§ Given records
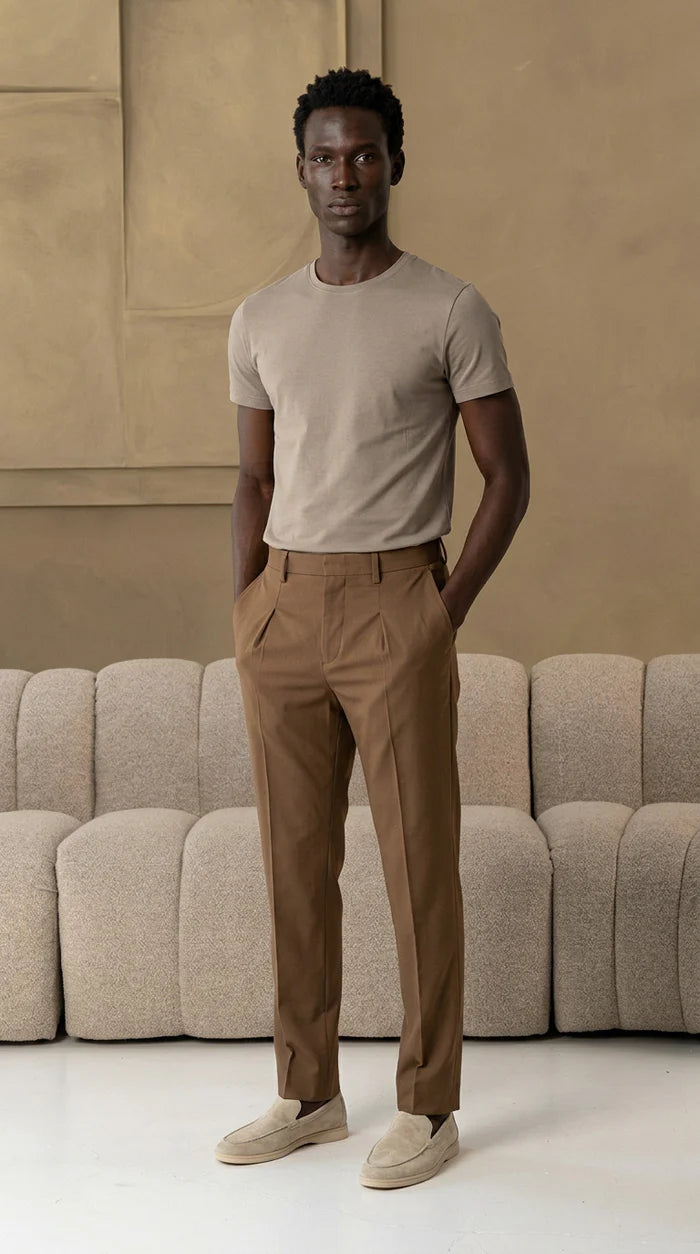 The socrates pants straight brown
...
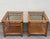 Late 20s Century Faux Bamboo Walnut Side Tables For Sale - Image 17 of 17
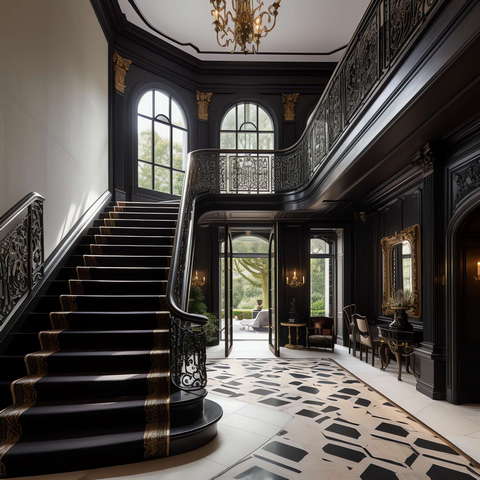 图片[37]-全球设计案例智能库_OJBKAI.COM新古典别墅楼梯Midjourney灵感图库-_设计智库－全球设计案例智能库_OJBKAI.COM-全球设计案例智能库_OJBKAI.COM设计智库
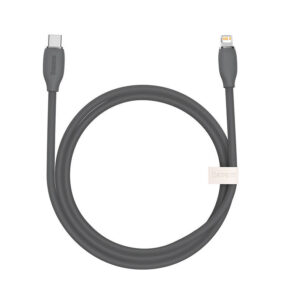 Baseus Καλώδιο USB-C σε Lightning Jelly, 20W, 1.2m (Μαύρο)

§ Instructions to follow
Exact copy, pictures excluded: every line above from the one containing "图片[37]-全球设计案例智" to the one containing "Baseus Καλώδιο USB-C", inclusive, and nothing more.

§ Task answer
 图片[37]-全球设计案例智能库_OJBKAI.COM新古典别墅楼梯Midjourney灵感图库-_设计智库－全球设计案例智能库_OJBKAI.COM-全球设计案例智能库_OJBKAI.COM设计智库
 Baseus Καλώδιο USB-C σε Lightning Jelly, 20W, 1.2m (Μαύρο)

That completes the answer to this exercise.